Background: First-line pembrolizumab monotherapy improves overall and progression-free survival in patients with untreated metastatic non-small-cell lung cancer with a programmed death ligand 1 (PD-L1) tumour proportion score (TPS) of 50% or greater. We investigated overall survival after treatment with pembrolizumab monotherapy in patients with a PD-L1 TPS of 1% or greater.
Methods: This randomised, open-label, phase 3 study was done in 213 medical centres in 32 countries. Eligible patients were adults (>=18 years) with previously untreated locally advanced or metastatic non-small-cell lung cancer without a sensitising EGFR mutation or ALK translocation and with an Eastern Cooperative Oncology Group (ECOG) performance status score of 0 or 1, life expectancy 3 months or longer, and a PD-L1 TPS of 1% or greater.

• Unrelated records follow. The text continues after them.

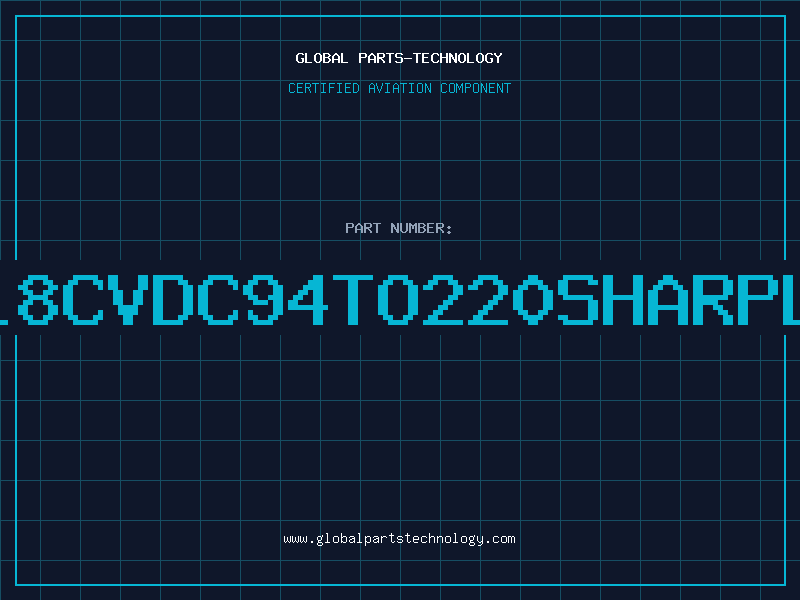 Aviation Part 7818CVDC94TO220SHARPLEG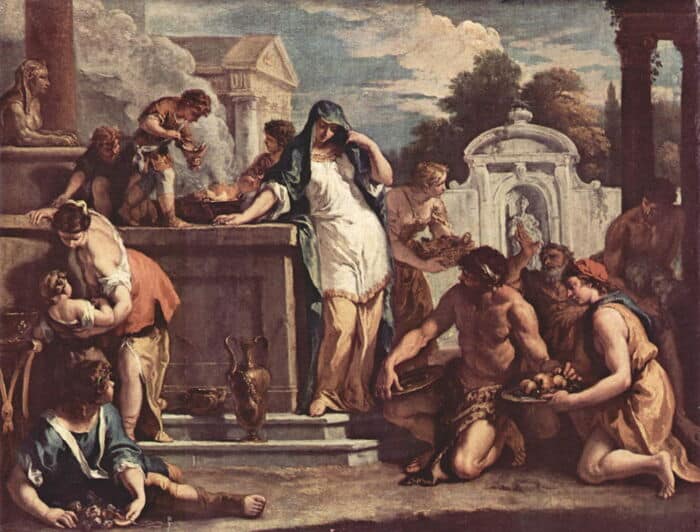 Olympian Gods of Greece - Hestia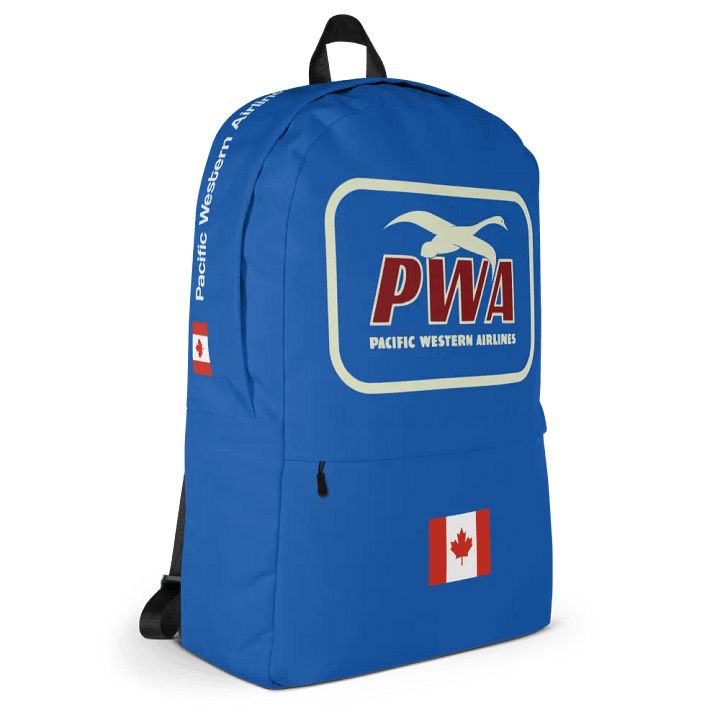 Pacific Western Airlines Ltd (PWA) - Backpack product image (2)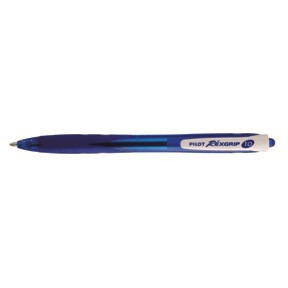 10 stk. Pilot Ballpoint Pen RexGrip BeGreen 1,0 blå - Køb minimum 10 stk.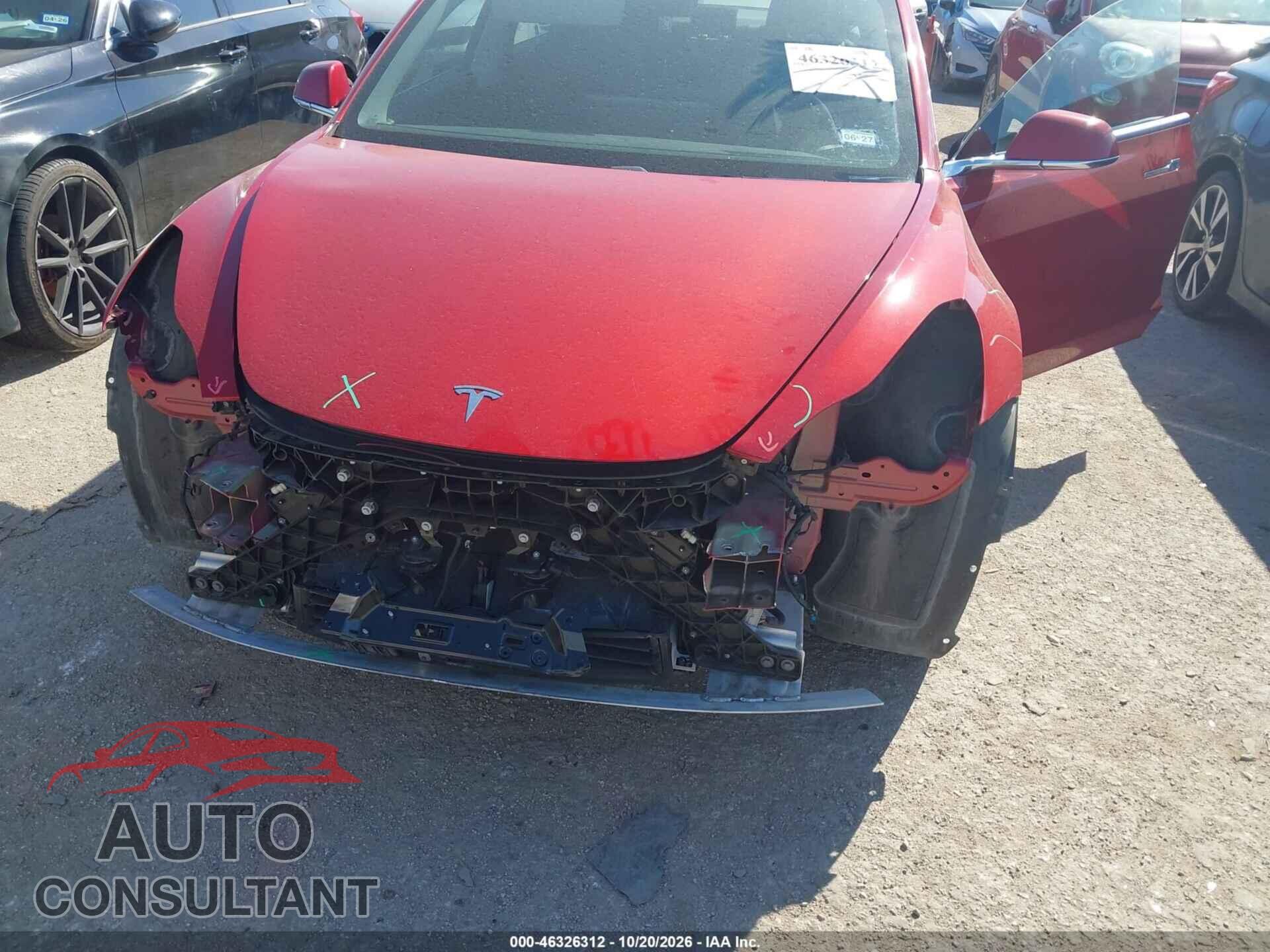 TESLA MODEL 3 2018 - 5YJ3E1EA2JF109424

Randomisation was computer generated, accessed via an interactive voice-response and integrated web-response system, and stratified by region of enrolment (east Asia vs rest of world), ECOG performance status score (0 vs 1), histology (squamous vs non-squamous), and PD-L1 TPS (>=50% vs 1-49%). Enrolled patients were randomly assigned 1:1 in blocks of four per stratum to receive pembrolizumab 200 mg every 3 weeks for up to 35 cycles or the investigator's choice of platinum-based chemotherapy for four to six cycles.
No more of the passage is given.